_TASK BRIEF_
Retype every record below exactly as it appears.

_MATERIAL PROVIDED_

------------------------------

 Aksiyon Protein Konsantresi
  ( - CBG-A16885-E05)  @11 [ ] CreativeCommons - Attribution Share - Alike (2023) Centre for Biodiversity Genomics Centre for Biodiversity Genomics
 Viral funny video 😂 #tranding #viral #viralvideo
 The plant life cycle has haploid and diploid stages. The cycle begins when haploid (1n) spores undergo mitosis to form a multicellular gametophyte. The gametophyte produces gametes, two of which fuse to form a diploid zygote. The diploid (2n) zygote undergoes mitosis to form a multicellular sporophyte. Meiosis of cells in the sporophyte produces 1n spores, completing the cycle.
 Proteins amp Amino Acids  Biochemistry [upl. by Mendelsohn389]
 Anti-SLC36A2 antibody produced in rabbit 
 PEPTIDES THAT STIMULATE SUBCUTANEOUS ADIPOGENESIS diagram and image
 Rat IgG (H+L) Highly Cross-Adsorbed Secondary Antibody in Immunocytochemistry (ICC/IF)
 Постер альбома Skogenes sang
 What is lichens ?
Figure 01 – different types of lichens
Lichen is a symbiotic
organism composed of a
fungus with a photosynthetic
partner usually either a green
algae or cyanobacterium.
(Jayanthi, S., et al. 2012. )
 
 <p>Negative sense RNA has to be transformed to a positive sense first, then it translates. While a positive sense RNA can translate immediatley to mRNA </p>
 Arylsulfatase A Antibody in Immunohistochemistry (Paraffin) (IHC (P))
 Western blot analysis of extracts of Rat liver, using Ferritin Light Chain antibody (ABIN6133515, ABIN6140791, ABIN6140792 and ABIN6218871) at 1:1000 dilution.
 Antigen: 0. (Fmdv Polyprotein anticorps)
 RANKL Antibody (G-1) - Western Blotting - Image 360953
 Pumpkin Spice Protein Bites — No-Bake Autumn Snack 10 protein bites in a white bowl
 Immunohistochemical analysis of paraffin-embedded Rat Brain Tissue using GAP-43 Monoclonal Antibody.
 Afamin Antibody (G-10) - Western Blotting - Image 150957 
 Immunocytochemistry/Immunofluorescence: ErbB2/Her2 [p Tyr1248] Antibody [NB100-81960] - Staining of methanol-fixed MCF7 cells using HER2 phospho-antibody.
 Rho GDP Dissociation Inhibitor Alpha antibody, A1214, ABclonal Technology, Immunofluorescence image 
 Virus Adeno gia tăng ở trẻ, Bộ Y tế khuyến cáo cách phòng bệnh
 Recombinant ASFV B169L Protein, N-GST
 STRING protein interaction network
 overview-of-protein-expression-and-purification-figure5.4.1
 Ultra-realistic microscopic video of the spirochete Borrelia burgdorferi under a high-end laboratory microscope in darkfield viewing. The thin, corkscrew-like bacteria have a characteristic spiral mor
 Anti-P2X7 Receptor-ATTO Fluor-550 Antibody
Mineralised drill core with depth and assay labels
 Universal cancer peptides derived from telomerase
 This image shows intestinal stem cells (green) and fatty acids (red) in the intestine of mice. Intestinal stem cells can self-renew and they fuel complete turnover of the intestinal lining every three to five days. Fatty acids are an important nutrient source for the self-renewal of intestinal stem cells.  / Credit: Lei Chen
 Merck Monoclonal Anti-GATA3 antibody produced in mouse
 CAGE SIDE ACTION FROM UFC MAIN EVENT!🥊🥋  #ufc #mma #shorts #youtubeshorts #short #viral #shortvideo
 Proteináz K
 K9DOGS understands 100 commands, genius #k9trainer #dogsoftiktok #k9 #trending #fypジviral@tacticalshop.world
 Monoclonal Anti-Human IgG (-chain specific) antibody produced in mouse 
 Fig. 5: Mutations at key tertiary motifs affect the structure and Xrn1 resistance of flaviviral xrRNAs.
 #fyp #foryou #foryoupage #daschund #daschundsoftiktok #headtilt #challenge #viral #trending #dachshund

------------------------------

_OUTPUT FOR THIS EXERCISE_
 Aksiyon Protein Konsantresi
  ( - CBG-A16885-E05)  @11 [ ] CreativeCommons - Attribution Share - Alike (2023) Centre for Biodiversity Genomics Centre for Biodiversity Genomics
 Viral funny video 😂 #tranding #viral #viralvideo
 The plant life cycle has haploid and diploid stages. The cycle begins when haploid (1n) spores undergo mitosis to form a multicellular gametophyte. The gametophyte produces gametes, two of which fuse to form a diploid zygote. The diploid (2n) zygote undergoes mitosis to form a multicellular sporophyte. Meiosis of cells in the sporophyte produces 1n spores, completing the cycle.
 Proteins amp Amino Acids  Biochemistry [upl. by Mendelsohn389]
 Anti-SLC36A2 antibody produced in rabbit 
 PEPTIDES THAT STIMULATE SUBCUTANEOUS ADIPOGENESIS diagram and image
 Rat IgG (H+L) Highly Cross-Adsorbed Secondary Antibody in Immunocytochemistry (ICC/IF)
 Постер альбома Skogenes sang
 What is lichens ?
Figure 01 – different types of lichens
Lichen is a symbiotic
organism composed of a
fungus with a photosynthetic
partner usually either a green
algae or cyanobacterium.
(Jayanthi, S., et al. 2012. )
 
 <p>Negative sense RNA has to be transformed to a positive sense first, then it translates. While a positive sense RNA can translate immediatley to mRNA </p>
 Arylsulfatase A Antibody in Immunohistochemistry (Paraffin) (IHC (P))
 Western blot analysis of extracts of Rat liver, using Ferritin Light Chain antibody (ABIN6133515, ABIN6140791, ABIN6140792 and ABIN6218871) at 1:1000 dilution.
 Antigen: 0. (Fmdv Polyprotein anticorps)
 RANKL Antibody (G-1) - Western Blotting - Image 360953
 Pumpkin Spice Protein Bites — No-Bake Autumn Snack 10 protein bites in a white bowl
 Immunohistochemical analysis of paraffin-embedded Rat Brain Tissue using GAP-43 Monoclonal Antibody.
 Afamin Antibody (G-10) - Western Blotting - Image 150957 
 Immunocytochemistry/Immunofluorescence: ErbB2/Her2 [p Tyr1248] Antibody [NB100-81960] - Staining of methanol-fixed MCF7 cells using HER2 phospho-antibody.
 Rho GDP Dissociation Inhibitor Alpha antibody, A1214, ABclonal Technology, Immunofluorescence image 
 Virus Adeno gia tăng ở trẻ, Bộ Y tế khuyến cáo cách phòng bệnh
 Recombinant ASFV B169L Protein, N-GST
 STRING protein interaction network
 overview-of-protein-expression-and-purification-figure5.4.1
 Ultra-realistic microscopic video of the spirochete Borrelia burgdorferi under a high-end laboratory microscope in darkfield viewing. The thin, corkscrew-like bacteria have a characteristic spiral mor
 Anti-P2X7 Receptor-ATTO Fluor-550 Antibody
Mineralised drill core with depth and assay labels
 Universal cancer peptides derived from telomerase
 This image shows intestinal stem cells (green) and fatty acids (red) in the intestine of mice. Intestinal stem cells can self-renew and they fuel complete turnover of the intestinal lining every three to five days. Fatty acids are an important nutrient source for the self-renewal of intestinal stem cells.  / Credit: Lei Chen
 Merck Monoclonal Anti-GATA3 antibody produced in mouse
 CAGE SIDE ACTION FROM UFC MAIN EVENT!🥊🥋  #ufc #mma #shorts #youtubeshorts #short #viral #shortvideo
 Proteináz K
 K9DOGS understands 100 commands, genius #k9trainer #dogsoftiktok #k9 #trending #fypジviral@tacticalshop.world
 Monoclonal Anti-Human IgG (-chain specific) antibody produced in mouse 
 Fig. 5: Mutations at key tertiary motifs affect the structure and Xrn1 resistance of flaviviral xrRNAs.
 #fyp #foryou #foryoupage #daschund #daschundsoftiktok #headtilt #challenge #viral #trending #dachshund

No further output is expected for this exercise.